Compared to seeking reconciliation of differences by editing in the main namespace and by conducting discussions in Beer parlour, voting has some advantages. It is timely: it ensures a collective decision is made within a given time frame, or it becomes clear that consensus swings in neither way. It enables broader participation: many of those people who do not bother to discuss in Beer parlour come to a vote. It provides transparency or traceability: it prevents editors from falsely claiming something is a community decision. It lessens the power of verbose editors who are eager to discuss and often dominate a Beer parlour discussion. It sometimes discovers editor preferences for the first time, preferences unobvious from the editors' editing in the main namespace.
Vote pages are the most authoritative and reliable documents of an existing community consensus or its lack. They make the presence or absence of consensus conveniently available for anyone to inspect, without the need to perform a costly research into the prevailing practice in the main namespace, and into past discussions in Beer parlour.

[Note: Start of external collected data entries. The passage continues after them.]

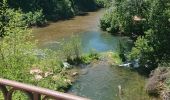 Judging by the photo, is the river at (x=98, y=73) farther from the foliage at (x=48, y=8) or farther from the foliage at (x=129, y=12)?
the foliage at (x=48, y=8)

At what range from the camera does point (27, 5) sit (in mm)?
63625

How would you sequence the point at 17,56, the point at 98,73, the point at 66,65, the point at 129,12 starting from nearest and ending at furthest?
1. the point at 17,56
2. the point at 98,73
3. the point at 66,65
4. the point at 129,12

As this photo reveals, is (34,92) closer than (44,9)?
Yes

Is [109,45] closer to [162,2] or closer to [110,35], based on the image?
[110,35]

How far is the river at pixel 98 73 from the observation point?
29.8 meters

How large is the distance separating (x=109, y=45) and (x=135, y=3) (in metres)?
6.66

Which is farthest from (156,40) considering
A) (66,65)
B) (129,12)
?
(66,65)

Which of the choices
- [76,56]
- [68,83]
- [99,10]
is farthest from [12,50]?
[99,10]

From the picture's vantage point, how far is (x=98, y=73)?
34.3 m

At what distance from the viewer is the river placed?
97.9 feet

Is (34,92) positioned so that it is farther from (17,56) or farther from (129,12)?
(129,12)

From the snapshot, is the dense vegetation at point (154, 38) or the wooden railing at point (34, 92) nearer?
the wooden railing at point (34, 92)

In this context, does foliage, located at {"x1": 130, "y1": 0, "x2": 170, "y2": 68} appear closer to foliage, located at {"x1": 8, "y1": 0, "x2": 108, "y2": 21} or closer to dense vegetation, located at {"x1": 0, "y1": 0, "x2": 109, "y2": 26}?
dense vegetation, located at {"x1": 0, "y1": 0, "x2": 109, "y2": 26}

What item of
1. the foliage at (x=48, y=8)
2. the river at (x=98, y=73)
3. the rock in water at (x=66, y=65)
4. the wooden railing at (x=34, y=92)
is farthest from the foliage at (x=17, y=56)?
the foliage at (x=48, y=8) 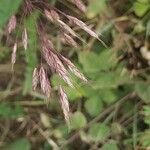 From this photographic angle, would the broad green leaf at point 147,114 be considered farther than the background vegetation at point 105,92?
No

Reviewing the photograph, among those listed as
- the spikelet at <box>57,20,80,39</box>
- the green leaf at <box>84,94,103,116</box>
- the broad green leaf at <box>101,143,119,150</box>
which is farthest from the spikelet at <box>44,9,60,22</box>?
the broad green leaf at <box>101,143,119,150</box>

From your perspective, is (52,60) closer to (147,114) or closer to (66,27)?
(66,27)

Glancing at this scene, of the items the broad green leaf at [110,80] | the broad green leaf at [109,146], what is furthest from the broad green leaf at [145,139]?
the broad green leaf at [110,80]

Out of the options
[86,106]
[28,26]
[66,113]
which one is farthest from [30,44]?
[86,106]

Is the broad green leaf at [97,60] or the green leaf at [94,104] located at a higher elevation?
the broad green leaf at [97,60]

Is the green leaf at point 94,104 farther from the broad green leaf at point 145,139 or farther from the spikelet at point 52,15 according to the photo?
the spikelet at point 52,15

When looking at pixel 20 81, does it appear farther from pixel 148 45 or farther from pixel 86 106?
pixel 148 45

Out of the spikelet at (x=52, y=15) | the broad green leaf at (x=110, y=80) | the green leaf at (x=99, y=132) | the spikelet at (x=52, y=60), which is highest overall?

One weakness of voting in English Wiktionary is its poor definition of what "consensus" means in relation to votes. The percentage of 70% has been used in some votes as the threshold that a vote has to reach in order to pass. A case in point is Wiktionary:Votes/pl-2009-03/Removing vote requirements for policy changes, although this vote was like a change in constitution, so expected to require a higher threshold; and the vote was left without a clear closing. Another mentioned threshold was 66%, or 2/3. Both thresholds give implied preference to the status quo, with the status quo often having no more legitimacy than what the vote proposed. An advantage of this high threshold is that it prevents further proliferation of new regulations unless they are supported by a strong consensus. The absence of a formal policy on a particular subject is often no fundamental hindrance to the progress of Wiktionary. Various disunities can develop in the main namespace without significantly barring the progress of Wiktionary.

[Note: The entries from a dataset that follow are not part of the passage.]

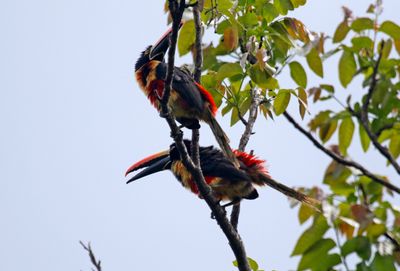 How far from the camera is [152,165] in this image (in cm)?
618

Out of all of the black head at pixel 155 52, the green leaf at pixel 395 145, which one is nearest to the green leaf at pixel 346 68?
the green leaf at pixel 395 145

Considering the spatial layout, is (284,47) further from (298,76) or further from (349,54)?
(349,54)

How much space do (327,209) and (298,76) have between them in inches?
43.8

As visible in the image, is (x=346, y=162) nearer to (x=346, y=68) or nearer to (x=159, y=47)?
(x=346, y=68)

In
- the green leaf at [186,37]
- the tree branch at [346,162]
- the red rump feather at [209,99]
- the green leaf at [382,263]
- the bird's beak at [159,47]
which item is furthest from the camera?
the bird's beak at [159,47]

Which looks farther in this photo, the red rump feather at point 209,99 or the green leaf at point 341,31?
the red rump feather at point 209,99

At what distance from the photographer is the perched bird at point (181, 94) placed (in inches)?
213

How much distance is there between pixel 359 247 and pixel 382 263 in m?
0.08

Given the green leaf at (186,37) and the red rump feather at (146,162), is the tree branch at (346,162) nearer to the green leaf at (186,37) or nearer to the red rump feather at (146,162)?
the green leaf at (186,37)

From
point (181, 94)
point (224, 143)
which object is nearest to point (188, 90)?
point (181, 94)

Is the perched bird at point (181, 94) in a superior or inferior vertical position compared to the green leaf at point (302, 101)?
superior

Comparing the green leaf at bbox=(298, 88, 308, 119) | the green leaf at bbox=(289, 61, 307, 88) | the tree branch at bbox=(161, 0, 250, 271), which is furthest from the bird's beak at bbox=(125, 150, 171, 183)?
the green leaf at bbox=(289, 61, 307, 88)

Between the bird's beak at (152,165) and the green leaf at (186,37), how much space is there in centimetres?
216

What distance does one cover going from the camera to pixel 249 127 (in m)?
5.11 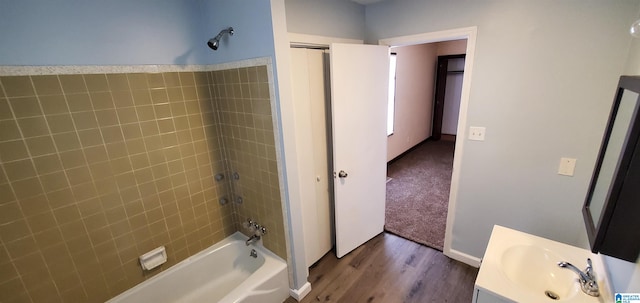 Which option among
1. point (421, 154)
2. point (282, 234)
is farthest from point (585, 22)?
point (421, 154)

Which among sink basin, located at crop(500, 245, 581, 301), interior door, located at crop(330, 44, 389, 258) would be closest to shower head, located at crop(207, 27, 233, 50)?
interior door, located at crop(330, 44, 389, 258)

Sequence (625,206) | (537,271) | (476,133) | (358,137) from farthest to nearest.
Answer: (358,137), (476,133), (537,271), (625,206)

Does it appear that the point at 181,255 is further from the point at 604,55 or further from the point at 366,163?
the point at 604,55

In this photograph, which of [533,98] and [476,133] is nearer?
[533,98]

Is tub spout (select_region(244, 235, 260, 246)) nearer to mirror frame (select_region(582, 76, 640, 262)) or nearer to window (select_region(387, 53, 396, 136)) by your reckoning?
mirror frame (select_region(582, 76, 640, 262))

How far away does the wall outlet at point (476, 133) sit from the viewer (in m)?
1.90

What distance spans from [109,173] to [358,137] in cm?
182

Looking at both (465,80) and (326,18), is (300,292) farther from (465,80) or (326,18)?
(326,18)

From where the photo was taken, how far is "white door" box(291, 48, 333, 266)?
1822 millimetres

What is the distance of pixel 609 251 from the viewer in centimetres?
84

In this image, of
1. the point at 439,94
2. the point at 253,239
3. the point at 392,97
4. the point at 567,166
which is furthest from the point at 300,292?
the point at 439,94

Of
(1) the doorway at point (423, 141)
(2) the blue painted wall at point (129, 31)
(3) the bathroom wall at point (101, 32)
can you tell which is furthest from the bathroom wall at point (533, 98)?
(3) the bathroom wall at point (101, 32)

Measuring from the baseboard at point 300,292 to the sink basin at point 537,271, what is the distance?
138cm

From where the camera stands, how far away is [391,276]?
6.98 feet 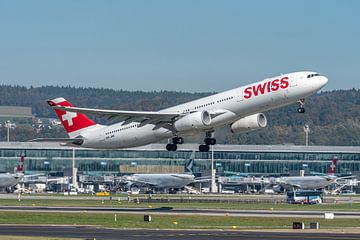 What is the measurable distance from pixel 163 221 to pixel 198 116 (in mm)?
13047

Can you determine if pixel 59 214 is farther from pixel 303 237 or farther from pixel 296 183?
pixel 296 183

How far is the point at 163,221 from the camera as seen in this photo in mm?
84312

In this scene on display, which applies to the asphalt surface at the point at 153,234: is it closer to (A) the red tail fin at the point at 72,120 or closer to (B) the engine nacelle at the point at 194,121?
(B) the engine nacelle at the point at 194,121

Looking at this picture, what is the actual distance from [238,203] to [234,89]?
117 feet

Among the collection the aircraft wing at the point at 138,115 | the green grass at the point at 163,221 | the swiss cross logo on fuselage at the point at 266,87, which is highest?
the swiss cross logo on fuselage at the point at 266,87

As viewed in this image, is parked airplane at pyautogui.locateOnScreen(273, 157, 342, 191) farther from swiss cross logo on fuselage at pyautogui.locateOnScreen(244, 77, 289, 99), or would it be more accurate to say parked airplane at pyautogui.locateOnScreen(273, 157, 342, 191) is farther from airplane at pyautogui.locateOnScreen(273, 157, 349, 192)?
swiss cross logo on fuselage at pyautogui.locateOnScreen(244, 77, 289, 99)

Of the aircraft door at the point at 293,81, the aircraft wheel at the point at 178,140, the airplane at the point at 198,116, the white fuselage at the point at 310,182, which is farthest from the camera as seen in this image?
the white fuselage at the point at 310,182

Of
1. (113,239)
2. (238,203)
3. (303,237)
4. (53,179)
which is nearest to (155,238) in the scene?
(113,239)

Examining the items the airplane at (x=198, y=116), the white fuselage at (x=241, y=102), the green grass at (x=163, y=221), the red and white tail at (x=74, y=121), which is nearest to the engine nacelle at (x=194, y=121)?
the airplane at (x=198, y=116)

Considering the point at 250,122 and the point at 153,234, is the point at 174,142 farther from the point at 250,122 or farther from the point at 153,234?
the point at 153,234

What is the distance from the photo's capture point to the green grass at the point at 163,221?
80.0 meters

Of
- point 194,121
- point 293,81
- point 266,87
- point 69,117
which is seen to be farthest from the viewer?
point 69,117

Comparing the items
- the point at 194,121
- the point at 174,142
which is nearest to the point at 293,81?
the point at 194,121

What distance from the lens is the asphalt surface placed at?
66250mm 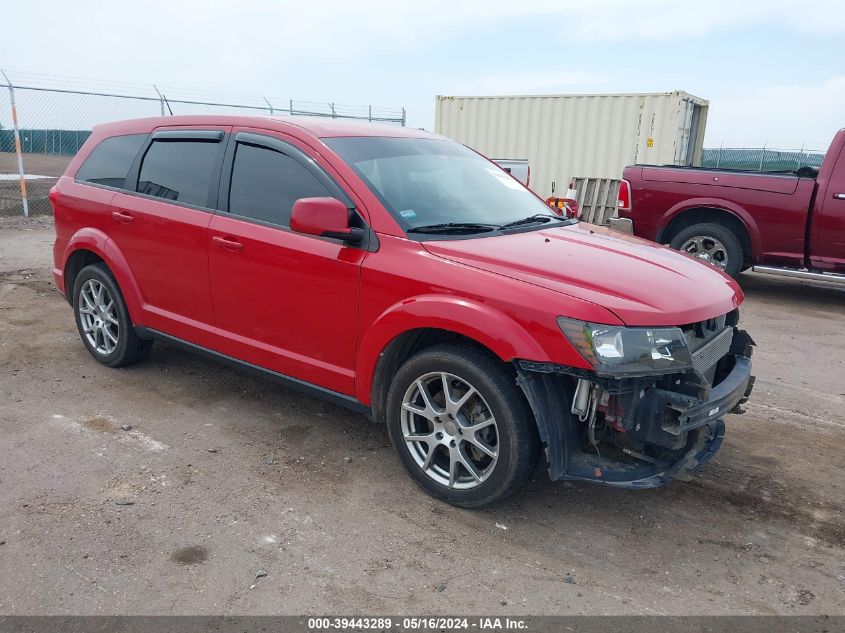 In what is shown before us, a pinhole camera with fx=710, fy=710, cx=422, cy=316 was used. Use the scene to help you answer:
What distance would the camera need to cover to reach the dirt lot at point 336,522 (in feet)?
9.13

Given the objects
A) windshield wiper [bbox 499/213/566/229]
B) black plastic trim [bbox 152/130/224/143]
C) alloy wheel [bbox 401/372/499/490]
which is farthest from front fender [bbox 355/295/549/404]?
black plastic trim [bbox 152/130/224/143]

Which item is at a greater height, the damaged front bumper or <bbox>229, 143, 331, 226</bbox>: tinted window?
<bbox>229, 143, 331, 226</bbox>: tinted window

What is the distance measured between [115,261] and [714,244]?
692cm

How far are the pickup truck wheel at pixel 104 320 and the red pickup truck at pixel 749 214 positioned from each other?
20.4ft

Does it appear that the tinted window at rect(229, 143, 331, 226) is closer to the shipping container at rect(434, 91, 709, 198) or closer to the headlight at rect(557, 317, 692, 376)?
the headlight at rect(557, 317, 692, 376)

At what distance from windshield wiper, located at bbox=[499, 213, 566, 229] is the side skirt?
1236 millimetres

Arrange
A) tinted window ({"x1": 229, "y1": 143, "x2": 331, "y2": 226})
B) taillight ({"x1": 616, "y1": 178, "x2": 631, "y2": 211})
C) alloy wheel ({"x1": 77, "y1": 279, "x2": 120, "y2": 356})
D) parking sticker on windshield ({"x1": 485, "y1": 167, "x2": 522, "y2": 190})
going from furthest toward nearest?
1. taillight ({"x1": 616, "y1": 178, "x2": 631, "y2": 211})
2. alloy wheel ({"x1": 77, "y1": 279, "x2": 120, "y2": 356})
3. parking sticker on windshield ({"x1": 485, "y1": 167, "x2": 522, "y2": 190})
4. tinted window ({"x1": 229, "y1": 143, "x2": 331, "y2": 226})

A vote that did not pass is not necessarily a failure on the side of the proposer or the voting community. While creating votes that are rather unlikely to pass is a poor practice, the proposer of a vote does not usually know in advance how much support the proposal is going to generate. Before the vote runs its course, the proposer can only estimate the result of the vote from patterns of editing in the main namespace, and from the discussion that preceded the vote, a discussion in which eloquent opposers sometimes create the impression that there is a strong opposition when in fact the vote can easily pass. Thus, votes are not only a formal means of confirmation of consensus that everyone already knows is there, but rather also a means of discovering the scope of support or editor preferences for the first time.